|Warner Bros. Pictures
This version is set in the 1970s with a government organization called Monarch investigating ancient myths and entities. Its leader William Randa (John Goodman) recruits a team of scientists and military men on a expedition to an exotic island where he believes evidence of prehistoric animals exist. The group abruptly encounters Kong among other beings that are not too happy about mankind disturbing the peace.
Among the otherKong movies, the action is where this one really stands out. Kong makes his introduction as massive silhouette enveloping a fiery sunset playing tennis with the crew's helicopters. The first several minutes he's on-screen is a completely wild ride, and his presence never wanes from there on. He doesn't dominate the movie by himself as an unpredictable mix of giant spiders and lizard-beings hint that there's much bigger forces at play in how this island operates. Even though the creatures might be CGI, the epic choreography and cinematography in subsequent fight scenes are visually awesome and offer some gorgeous set-ups, something that is often missing in similar movies.
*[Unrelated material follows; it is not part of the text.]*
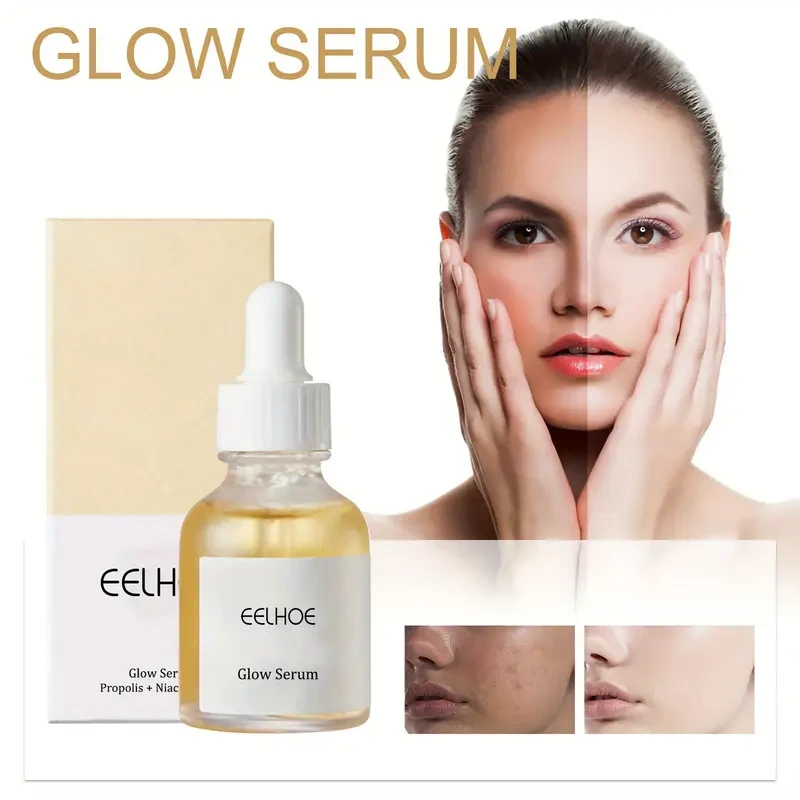 Eelhoe - Suero de niacinamida de 30 ml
While Skull Island's monsters are more than flat effects, its actual humans lack depth. The ensemble has a typical variety of tough guys, wanna-be feminists, nerds, and "red shirts" who are at least a little engaging, but they also fall a little too easy into tropes. The leads with Tom Hiddleston, Brie Larson, and Samuel L. Jackson occupies most of the screentime, but nothing really comes out of them except their sympathetic or vengeful attachment to Kong. Hiddleston and Larson are subtle heroes/adventurers, but don't have a lot of oomph compared to other stars in this genre. The guns-a-blazing schtick is mostly left to Jackson, whose arc drags on a little too much. They aren't entirely lovable or hateable, but just there to watch.
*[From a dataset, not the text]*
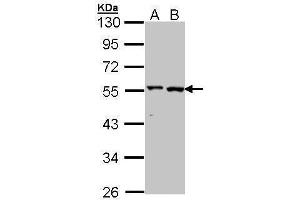 WB Image Sample (30 ug of whole cell lysate) A: A431 , B: Hela 10% SDS PAGE antibody diluted at 1:1000 (ALT 抗体  (N-Term))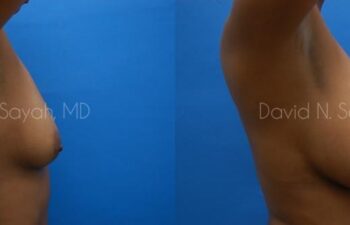 Breast Augmentation Before and After | Sayah Institute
Outside of the action, Skull Island also remodels itself by not focusing on a big, not-so-bad ape running wild on New York City streets, and letting him reign supreme on an isolated paradise. Kong is a mere protector for other exotic creatures from underground monsters called Skullcrawlers - there's a hierarchy in this environment, one that our scouting crew ultimately disrupts. The allegory of humans overestimating that we own everything we set our sights on, or think that things out of our realm are naturally dangerous, is very subtle. There's even vacant nods and connections to the highly criticized U.S. involvement in the Vietnam war that offer a little depth that some characters lack. The use of beasties are special-effects driven, but it's fun to see what's churned out, and watch Kong acting more than a circus animal or destructive monster on display in his "previous roles".
Hollywood is made up of so many remakes these days, it's hard to keep them straight. Kong alone has twenty movies under his massive belt, but Skull Island isn't the worst of its kind or the worst that this ongoing franchise has come up with. Director Jordan Vogt-Roberts manages to make an adventure that's not in your face nor entirely forgettable. The cast and script could've been a little bit more polished, but there's some entertaining elements at bay that helps it escape from Reboot Island.
Have you seen Kong: Skull Island? What did you think?